***** RECORD EXTRACTS *****

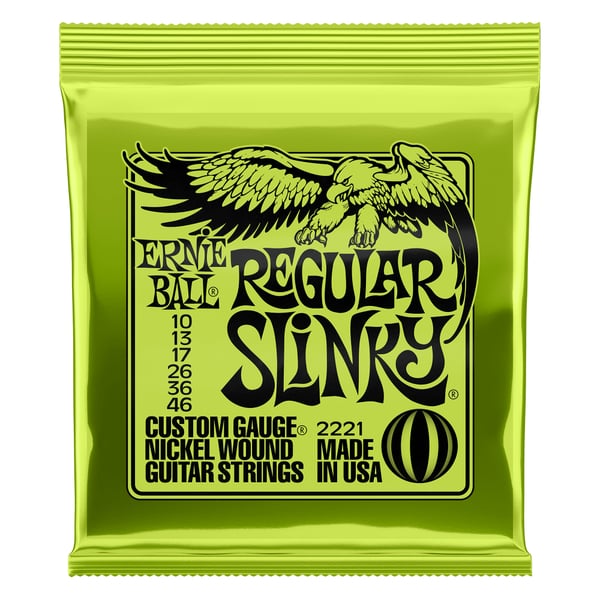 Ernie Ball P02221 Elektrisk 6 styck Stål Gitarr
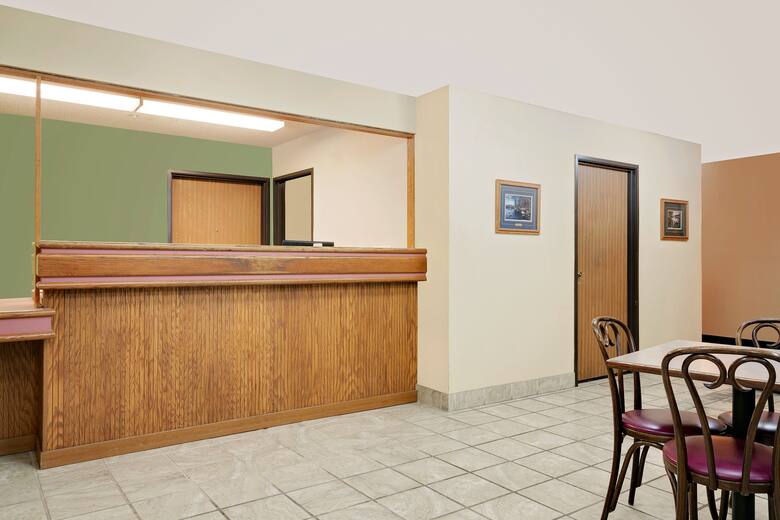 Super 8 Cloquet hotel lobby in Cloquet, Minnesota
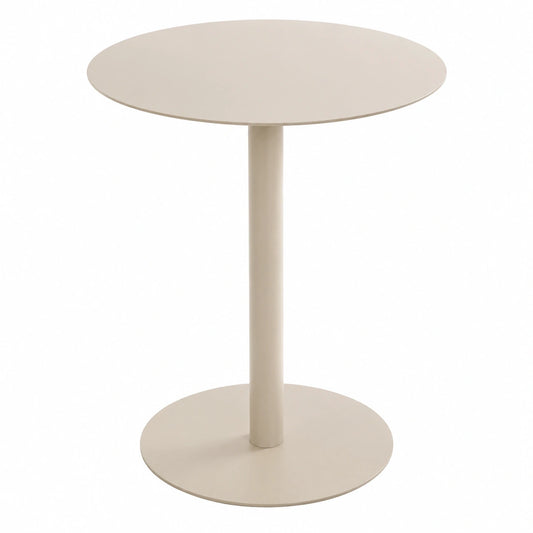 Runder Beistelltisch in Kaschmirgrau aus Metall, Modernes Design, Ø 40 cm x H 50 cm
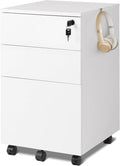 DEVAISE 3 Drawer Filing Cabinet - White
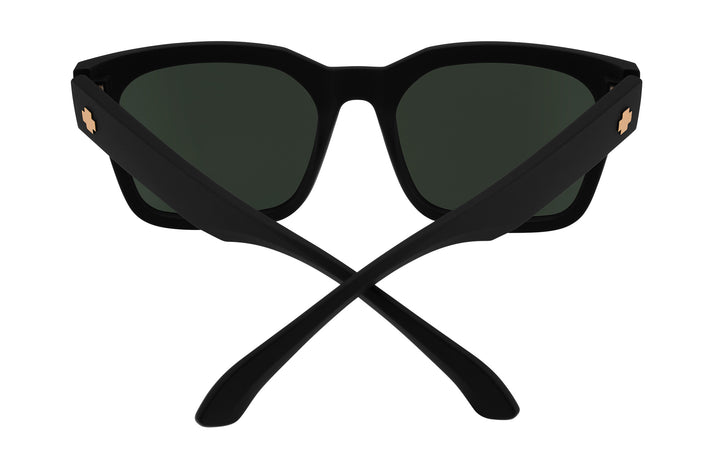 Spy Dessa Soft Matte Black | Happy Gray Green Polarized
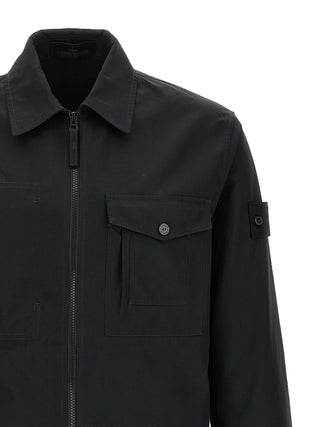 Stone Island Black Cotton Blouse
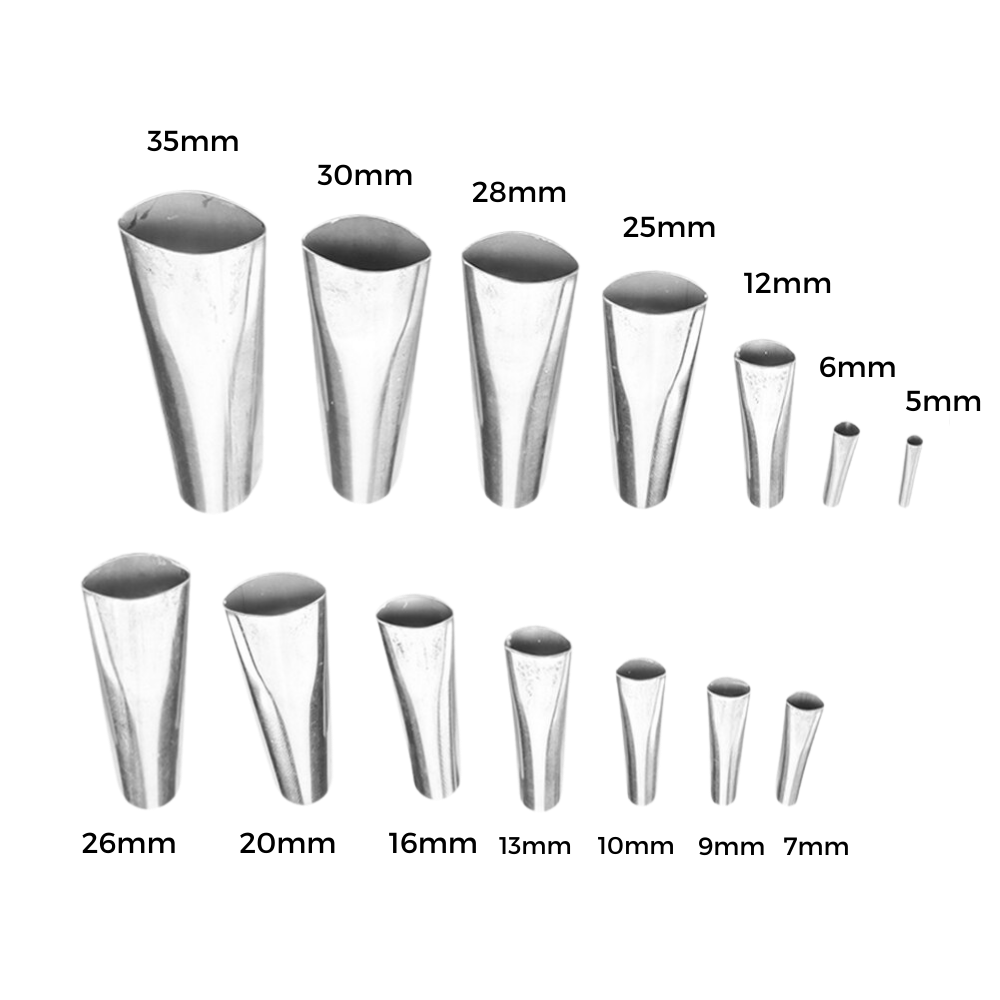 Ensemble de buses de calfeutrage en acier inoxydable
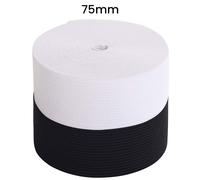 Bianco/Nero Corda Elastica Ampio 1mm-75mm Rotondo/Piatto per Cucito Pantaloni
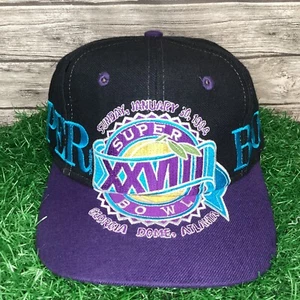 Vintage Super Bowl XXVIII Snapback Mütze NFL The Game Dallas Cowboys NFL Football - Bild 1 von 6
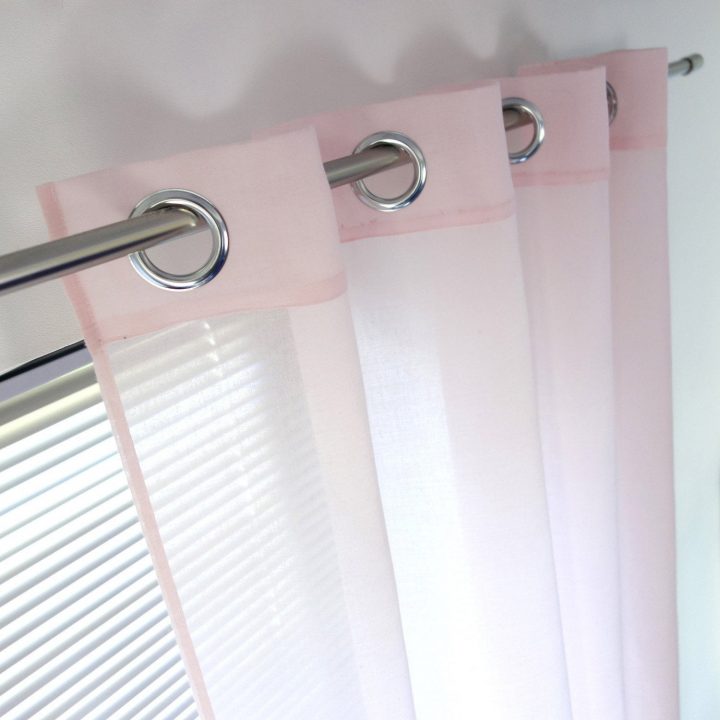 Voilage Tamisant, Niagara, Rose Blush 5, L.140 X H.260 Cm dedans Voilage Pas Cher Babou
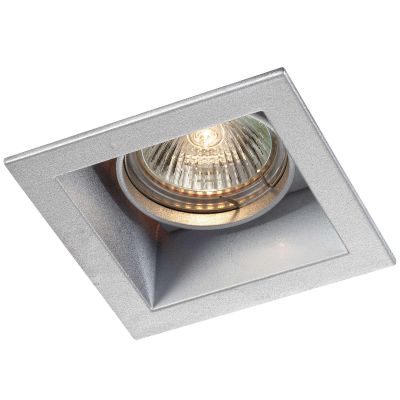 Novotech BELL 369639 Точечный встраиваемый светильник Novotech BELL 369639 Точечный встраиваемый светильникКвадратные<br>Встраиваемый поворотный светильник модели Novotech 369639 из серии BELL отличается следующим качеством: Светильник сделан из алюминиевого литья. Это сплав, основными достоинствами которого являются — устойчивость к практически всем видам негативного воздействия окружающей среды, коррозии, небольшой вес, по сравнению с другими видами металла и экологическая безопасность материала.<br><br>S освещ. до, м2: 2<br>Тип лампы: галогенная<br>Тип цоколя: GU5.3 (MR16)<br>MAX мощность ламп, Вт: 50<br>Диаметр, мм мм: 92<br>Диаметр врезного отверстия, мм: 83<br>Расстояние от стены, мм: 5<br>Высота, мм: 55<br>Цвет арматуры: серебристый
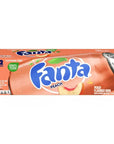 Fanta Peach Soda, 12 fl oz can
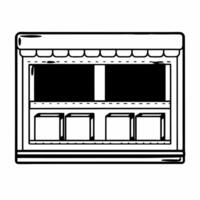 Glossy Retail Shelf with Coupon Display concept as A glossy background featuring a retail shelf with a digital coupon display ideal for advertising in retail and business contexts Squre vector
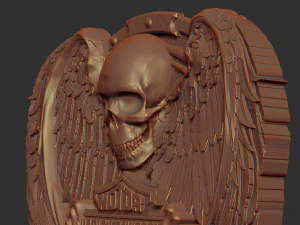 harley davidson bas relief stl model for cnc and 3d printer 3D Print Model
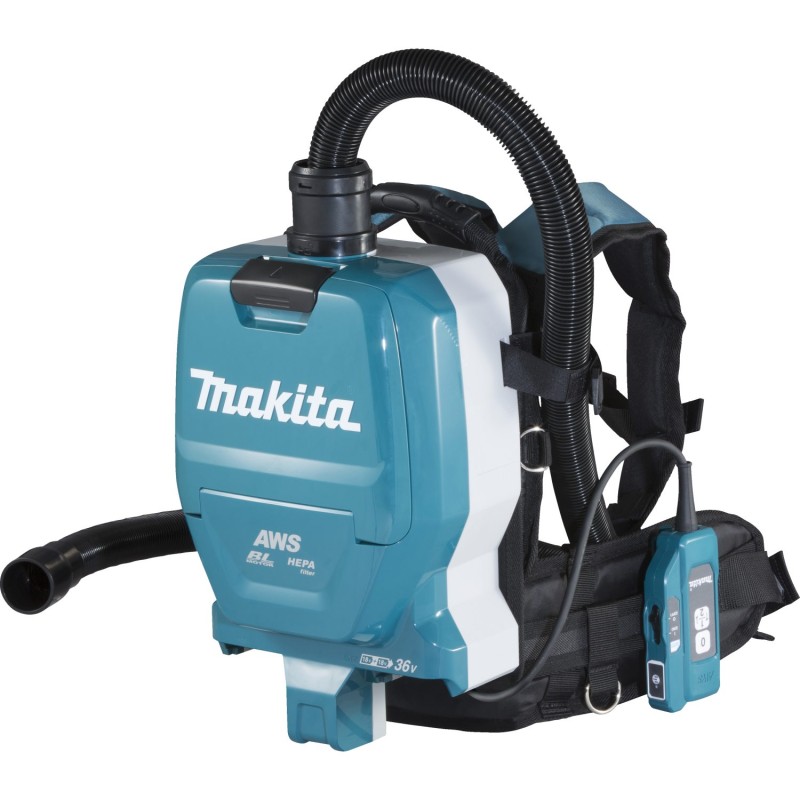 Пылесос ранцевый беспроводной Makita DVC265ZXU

*****

WHAT YOU ARE ASKED TO DO: For this exercise, return exactly the lines above from the line with "Fanta Peach Soda, 12 fl oz can" through the line with "harley davidson bas", both included. Do not copy the pictures.

EXERCISE ANSWER:
 Fanta Peach Soda, 12 fl oz can
 Glossy Retail Shelf with Coupon Display concept as A glossy background featuring a retail shelf with a digital coupon display ideal for advertising in retail and business contexts Squre vector
 harley davidson bas relief stl model for cnc and 3d printer 3D Print Model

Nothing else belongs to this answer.